Szamballa pojawiła się w świadomości zachodu dzięki przekonaniom Teozofów. 17 listopada 1875 Helena Pietrowna Bławacka (1831-1891) i Colonel Henry Steele Olcott (1832-1907) założyli w Nowym Jorku Towarzystwo Teozoficzne, mistyczny ruch, który przedstawił zachodowi jakieś* naświetlenie religii wschodu, szczególnie buddyzmu.
Bławacka twierdziła, że podczas kilkuletniego pobytu w Tybecie nawiązała bezpośredni kontakt z przebywającymi tam Mistrzami, którzy zapoznali ją ze ściśle strzeżonymi doktrynami. Pewna liczba jej zwolenników sądziła, że najwyższy z owych mistrzów, "Pan Świata " zamieszkał w Szamballi, niewidocznej oazie schowanej na pustyni Gobi.
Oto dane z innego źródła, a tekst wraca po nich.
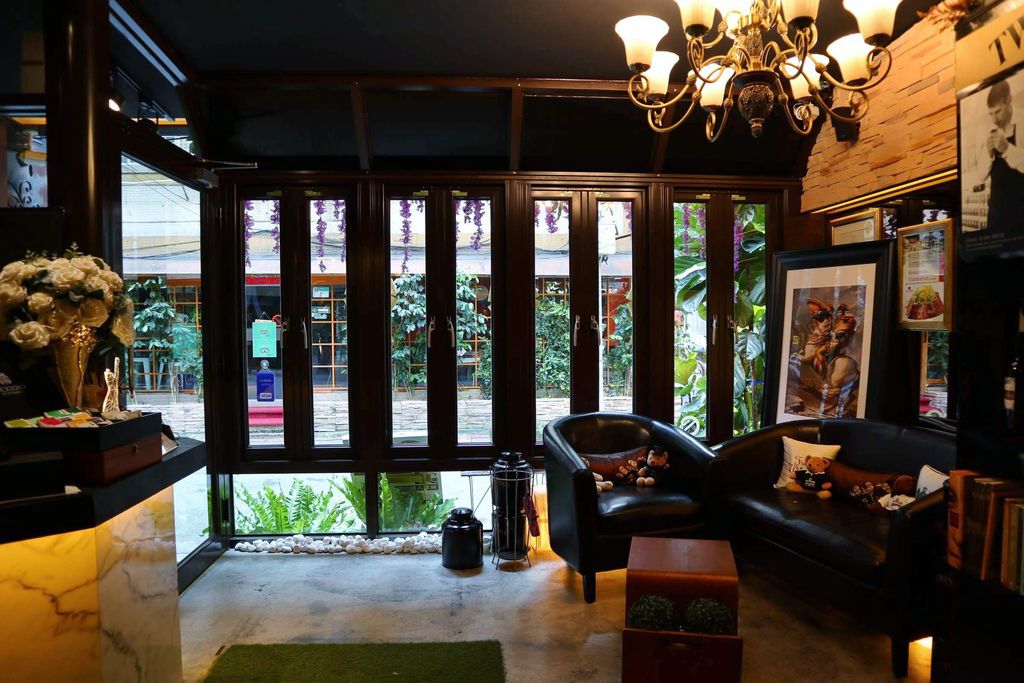 French Windows 法蘭綺瑥朵茶餐館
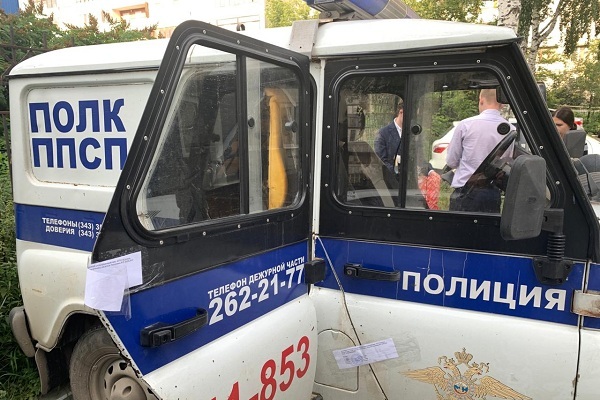 В Екатеринбурге трое полицейских изнасиловали девушку в служебной машине - Фото 1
Według ich przekonania, Shamballa była duchowym centrum świata i pierwotnym źródłem tajnych doktryn Teozofii. Tak opisuje to wielu odkrywców, których lamowie starali się utrzymać z daleka od swoich tajemnic. Pomogli oni ustanowić obraz Tybetu jako najwyższe mistyczne sanktuarium, ochronione przez najwyższe góry na ziemi.
"Shamballa to jeden z najświętszych sekretów Azji, otoczony wielką czcią i powagą. Dostępu do tajemnic świętego miasta strzegą najbardziej kwalifikowani lamowie, gotowi w jego obronie poświęcić swoje życie."
Wśród tybetańskich mnichów znana jest legenda o tym, iż gdzieś wysoko, w niedostępnych rejonach Himalajów, znajduje się duchowe miasto Shamballa, ukryte pomiędzy lodowymi szczytami, które powstrzymują wszystkich nie posiadających odpowiednich kwalifikacji, by do niego wstąpić. Miejsce to jest portalem łączącą ziemski, materialny świat, z wyższymi wymiarami. Jest cudowną krainą nie skażoną problemami świata materialnego, wolną od cierpień i konfliktów.
Nazwę Shamballa odczytać można jako sanskryckie słowo oznaczające - "źródło szczęścia".